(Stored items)
⁂
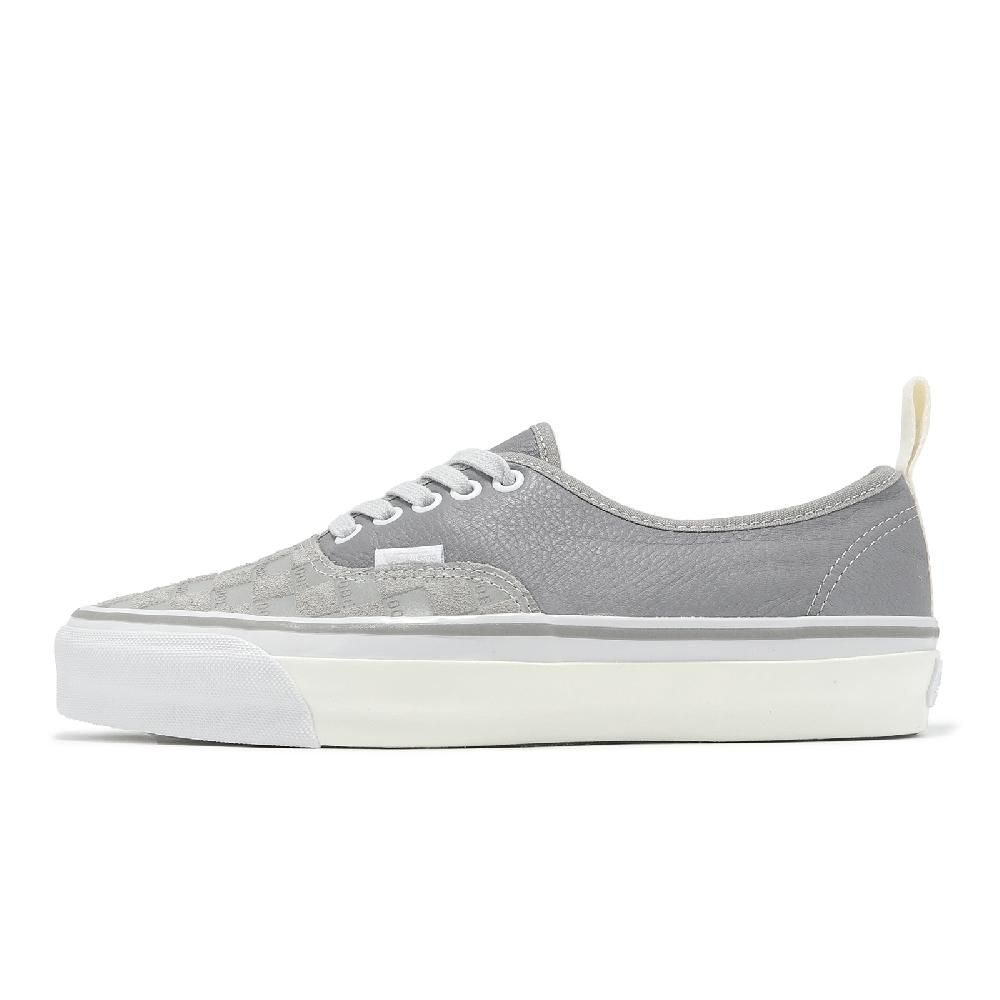 VANS Vans 範斯 x DOE 休閒鞋 Lx Authentic Reissue 44 男鞋 灰 聯名 棋盤格 板鞋 VN000CQAEM1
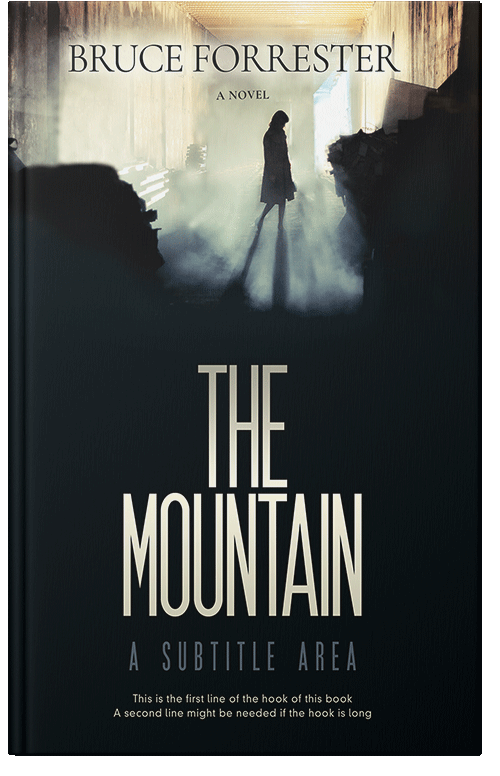 Front view of Premade Mystery & Thriller & Suspense Book Cover - Bunker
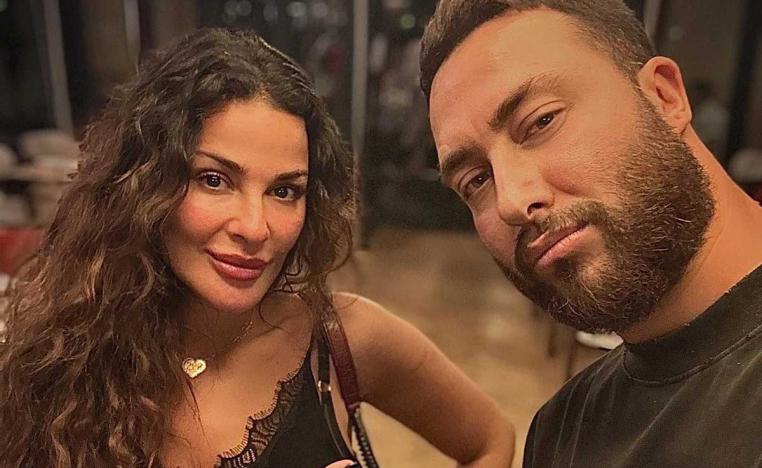 نادين نسيب نجيم ومحمد الأحمد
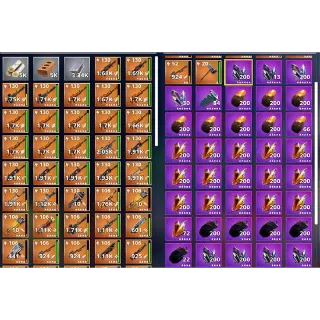 FULL INVENTORY DROP STW 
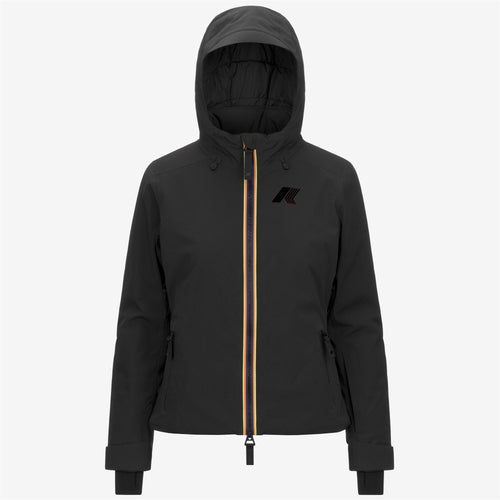 LABRESSE 2L TWILL - Jackets - Mid - WOMAN - Black Pure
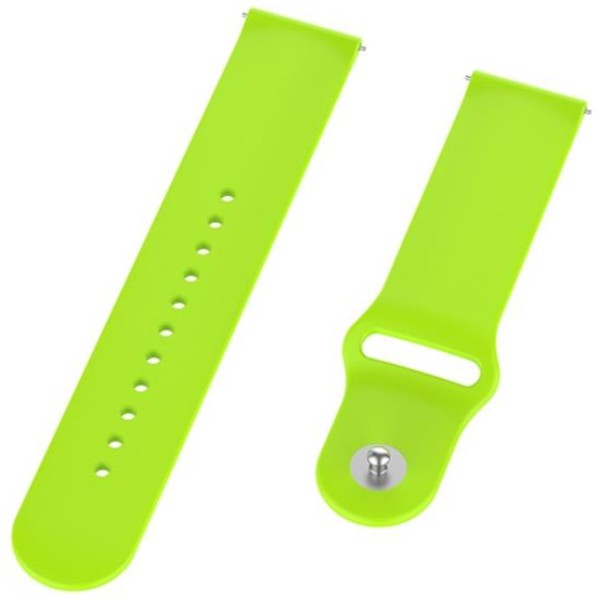 Фото - Ремінець для смарт-годинника BeCover for Huawei Watch GT 2 42mm Lime (706243)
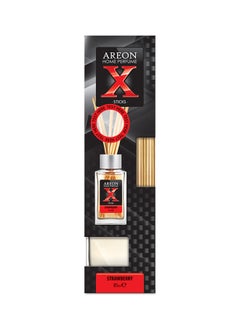 أريون عصي معطرة للمنزل برائحة الفراولة شفاف / بيج 85ملليلتر  - Image 2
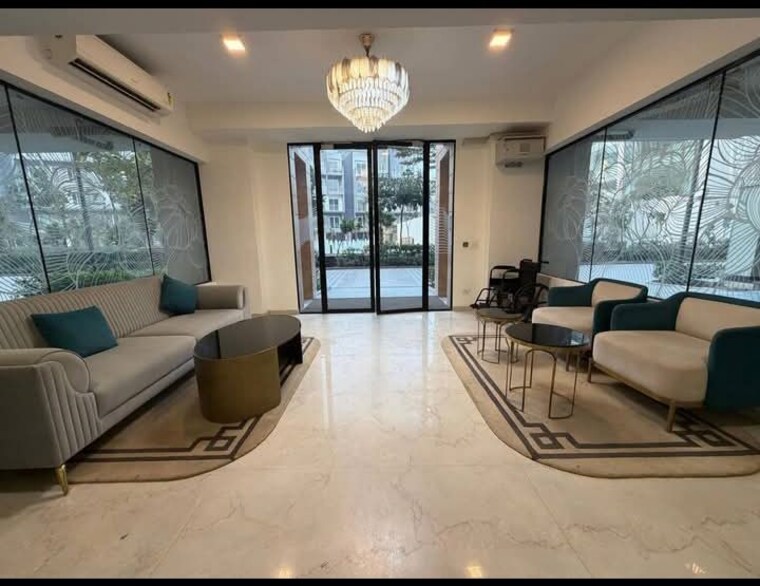 Kitchen, smart-world-orchard 3 Bedroom 1700 Sq.Ft. Builder Floor In Sector 61 Gurgaon 10054487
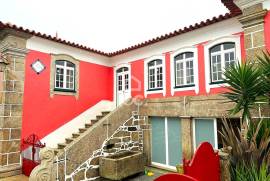 Fully Renovated 4 Bedroom Manor House in Barcelos (Faria) | 1638m² Land, Garage and Stone Annexes Fully Renovated 4 Bedroom Manor House in Barcelos (Faria) | 1638m² Land, Garage and Stone Annexes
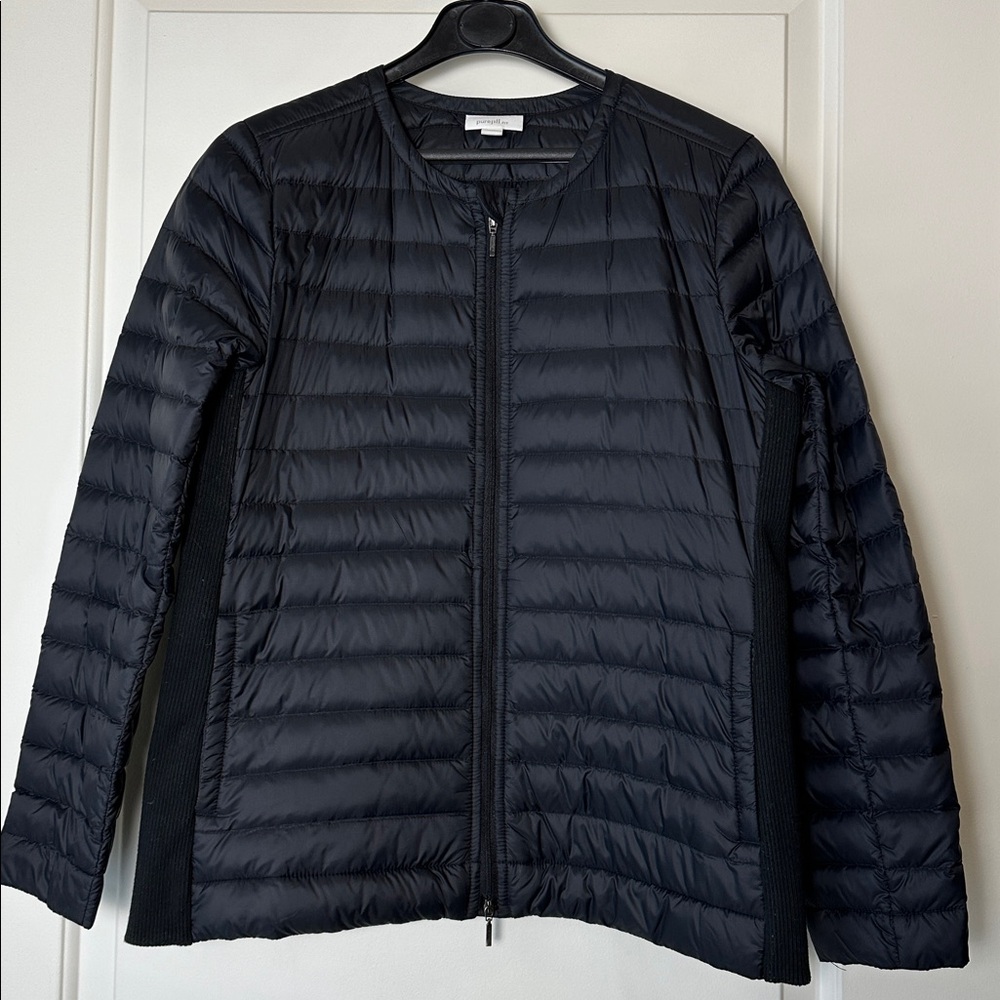 Down Quilted Jacket, SP - image 1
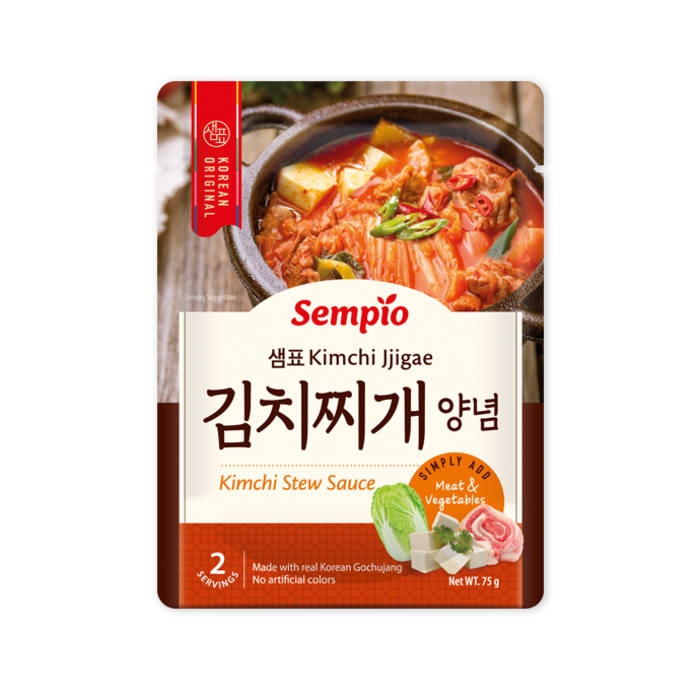 Sempio sempio Kimchi Jjigae 75g Kimchi Stew Sauce - sachet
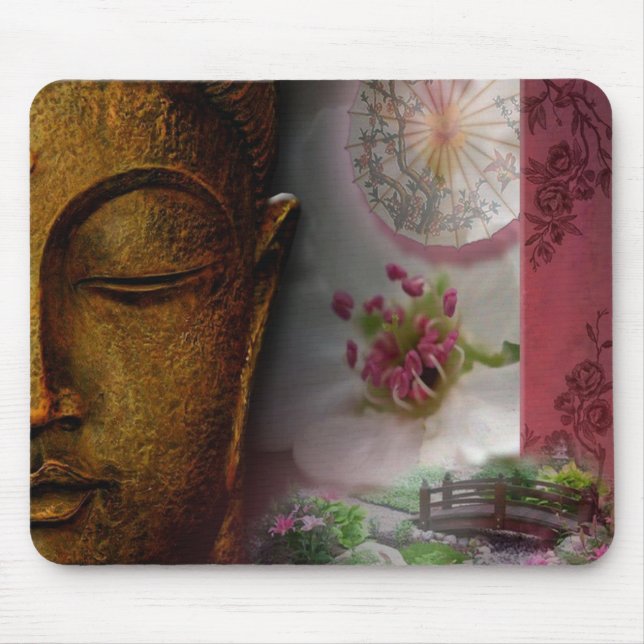 Tapis de souris Bouddhisme Musmatta (Framsidan)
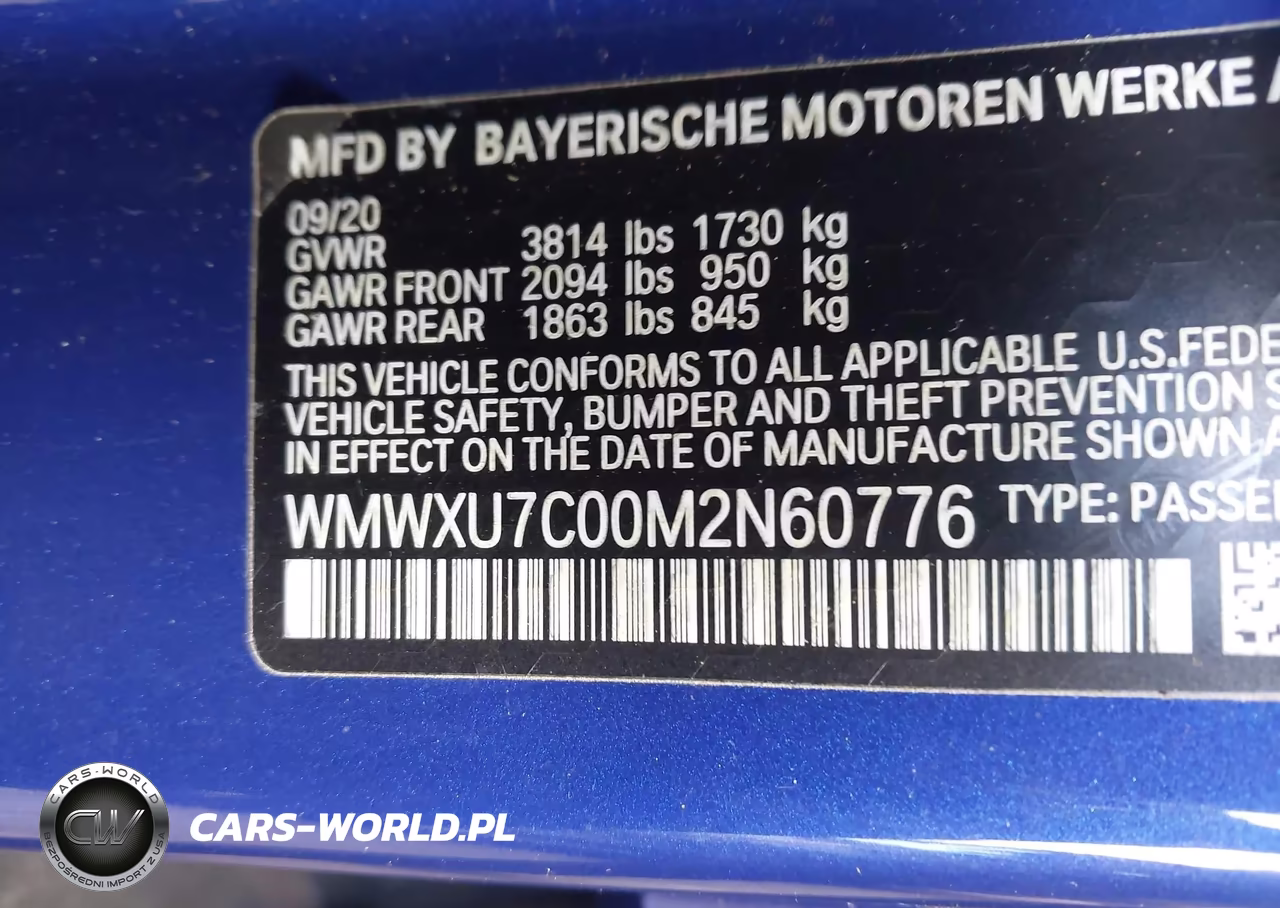2021 Mini Hardtop Cooper VIN:WMWXU7C00M2N60776 - 9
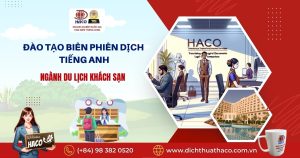 Dao Tao Bien Phien Dich Tieng Anh Nganh Du Lich Khach San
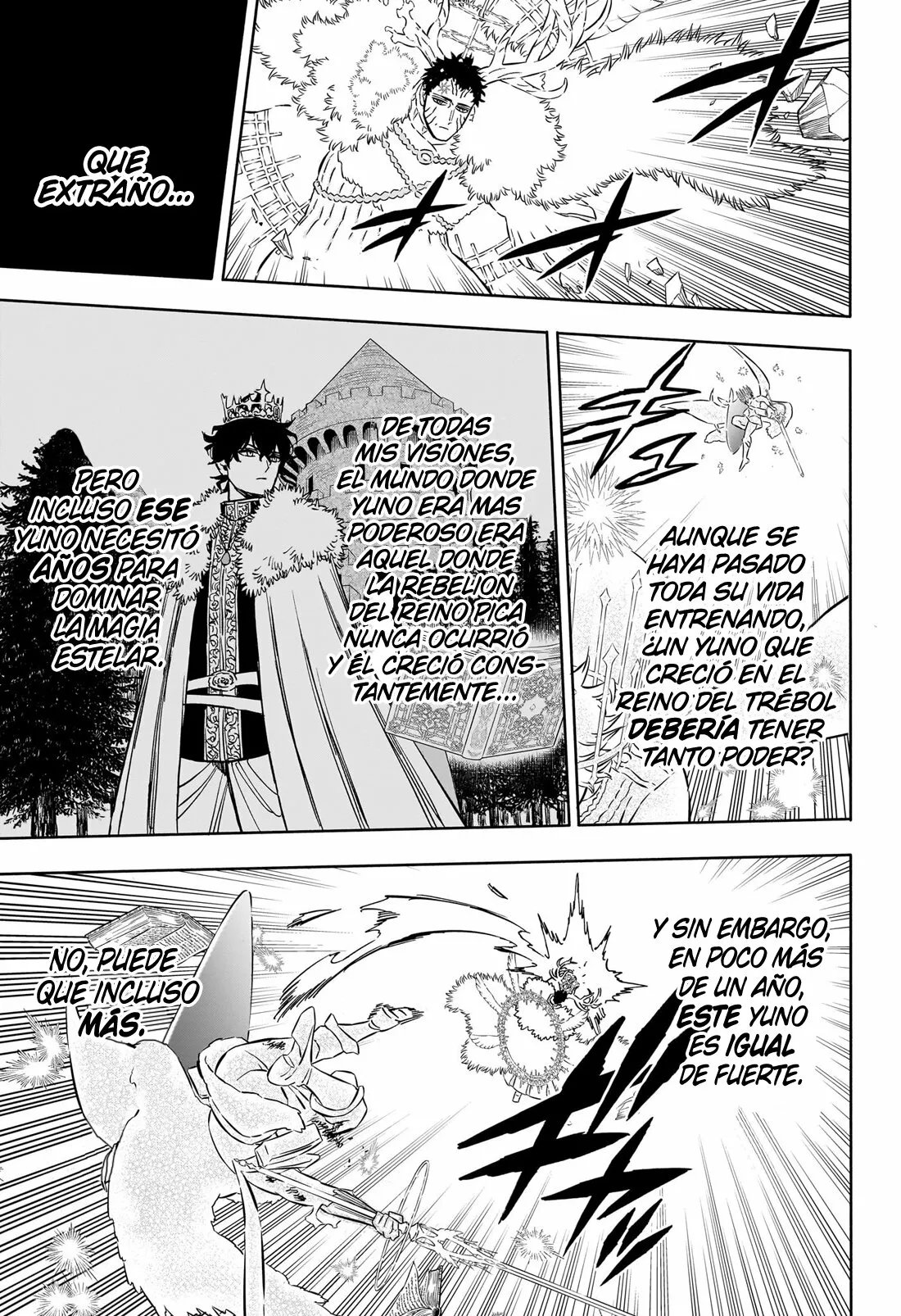 Black Clover Capítulo 360 - Page 9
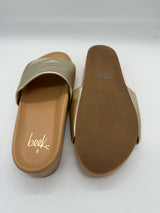Beek Pelican 8 Gold Sandals
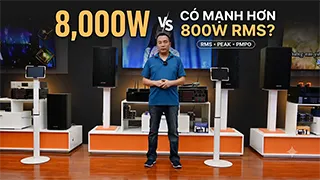 Ampyon Elite AKS-605 – Dàn Karaoke Hybrid Cao Cấp video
⁂
■ What you have to do
Only the lines from the one containing "Tapis de souris" through the last line of the records above should be repeated, exactly and without pictures.

■ Answer for this exercise
 Tapis de souris Bouddhisme Musmatta (Framsidan)
2021 Mini Hardtop Cooper VIN:WMWXU7C00M2N60776 - 9
 Dao Tao Bien Phien Dich Tieng Anh Nganh Du Lich Khach San
 Black Clover Capítulo 360 - Page 9
Beek Pelican 8 Gold Sandals
 Ampyon Elite AKS-605 – Dàn Karaoke Hybrid Cao Cấp video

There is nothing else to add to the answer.